→ Work item
Locate "Posteľ svetlohnedá borovicové" in the listing. Transcribe the line that contains it and every line that follows, through the last, omitting all pictures.

━━━━━━━━━━━━━━━━

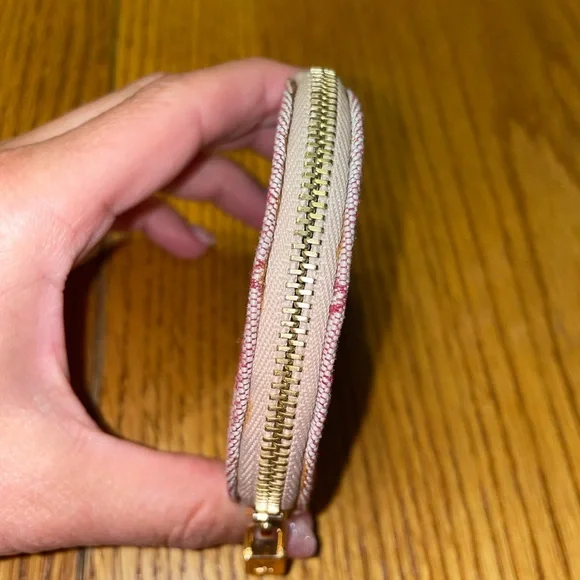 Louis Vuitton Monogram Cherry Mini Lin Coin Pouch - Picture 6 of 9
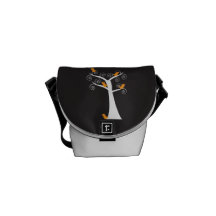 Fünf orange Vögel in einem Baum Mini Kurier Tasche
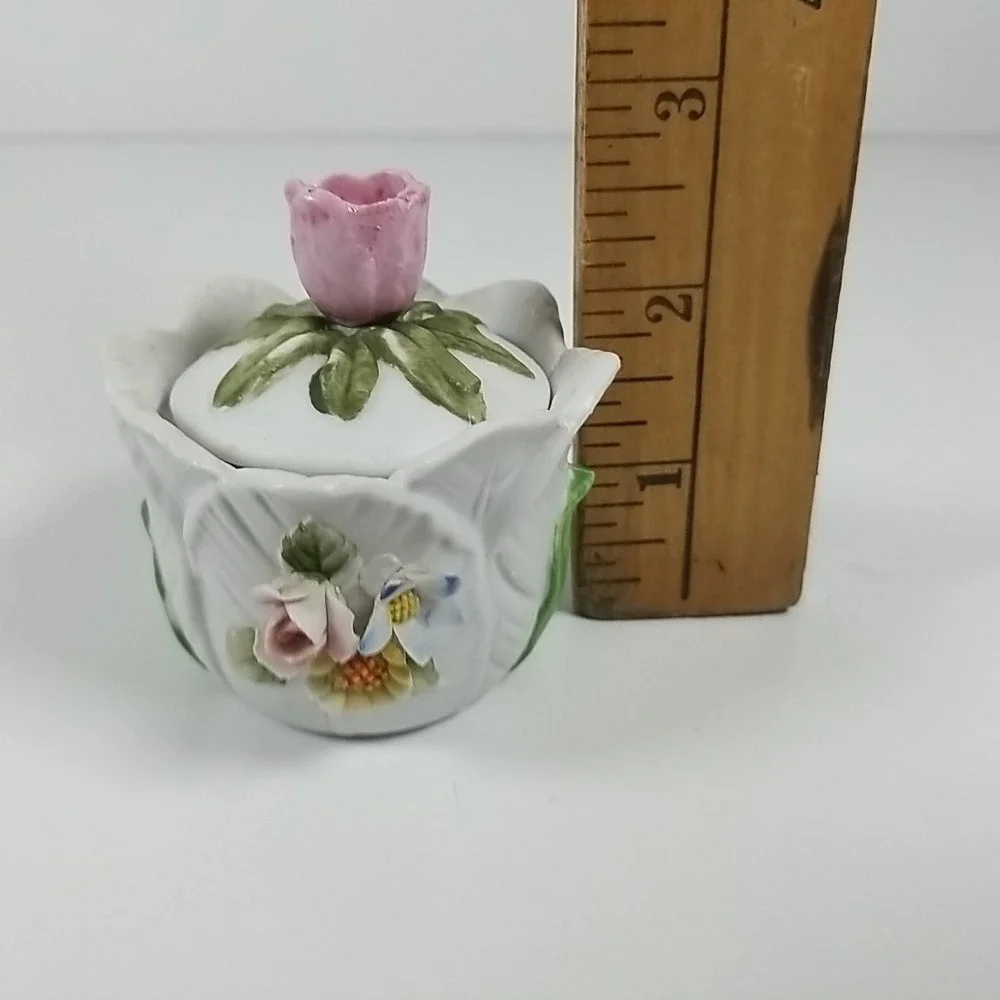 Vintage Flower Shape Trinket Box With 3D Flowers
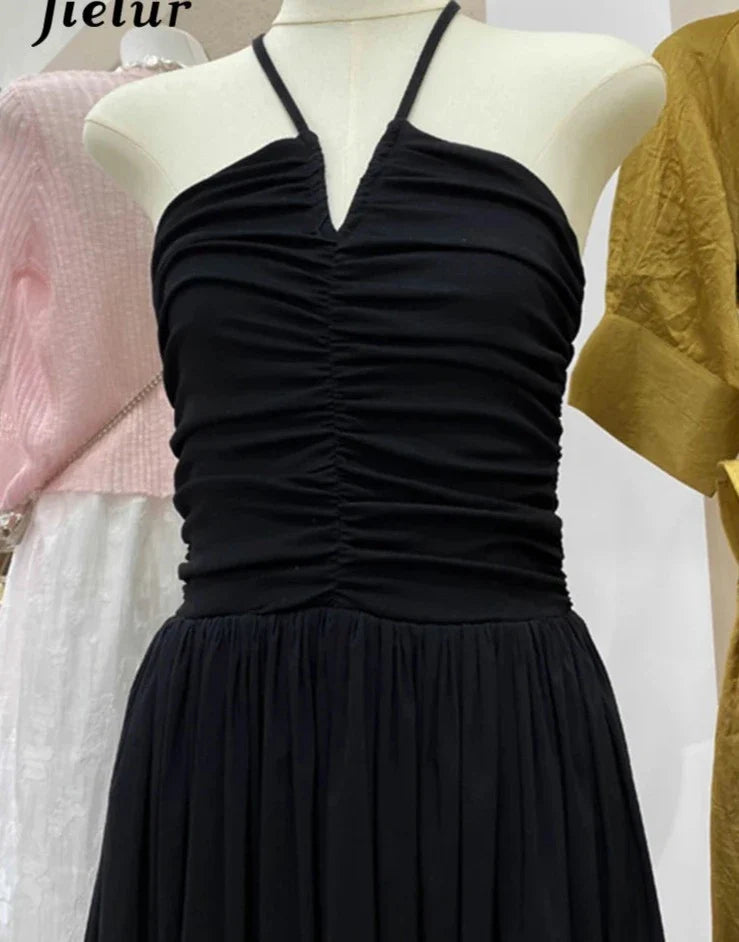 Elegant Black Pleated V-neck Sleeveless Halter Dress
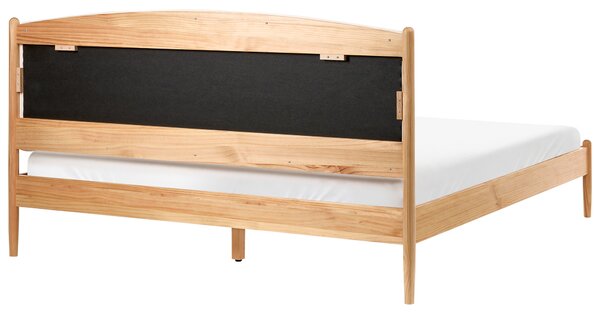 Posteľ svetlohnedá borovicové drevo 180 x 200 cm s čalúneným čelom a roštom moderný minimalistický štýl spálňa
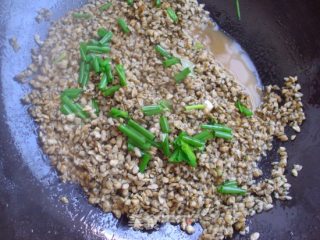 葱香贝肉的做法步骤：7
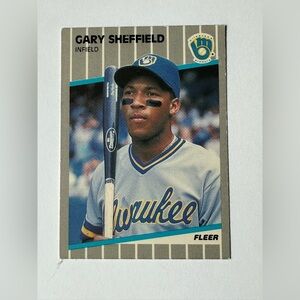 Gary Sheffield, Infield. Milwaukee Brewers. 1989 Fleer No. 196.  Trading Card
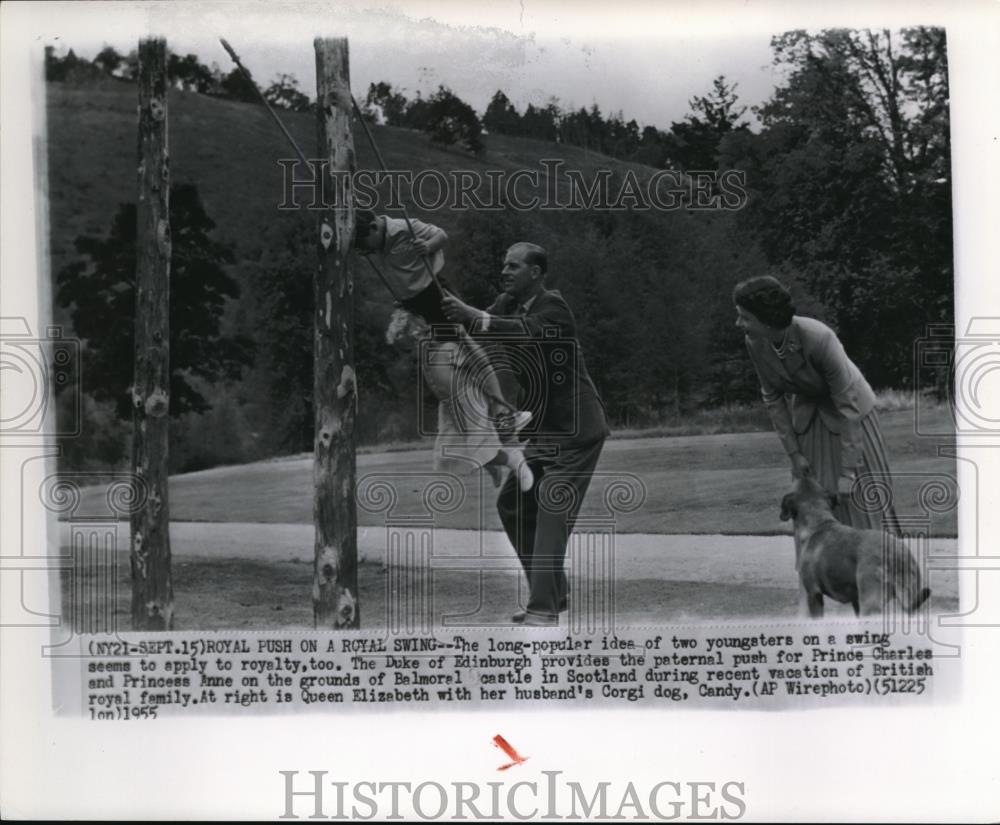 1955 Press Photo The long-popular idea of two youngsters on a swing seems to - Historic Images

━━━━━━━━━━━━━━━━

→ Reply
 Posteľ svetlohnedá borovicové drevo 180 x 200 cm s čalúneným čelom a roštom moderný minimalistický štýl spálňa
 葱香贝肉的做法步骤：7
 Gary Sheffield, Infield. Milwaukee Brewers. 1989 Fleer No. 196.  Trading Card
 1955 Press Photo The long-popular idea of two youngsters on a swing seems to - Historic Images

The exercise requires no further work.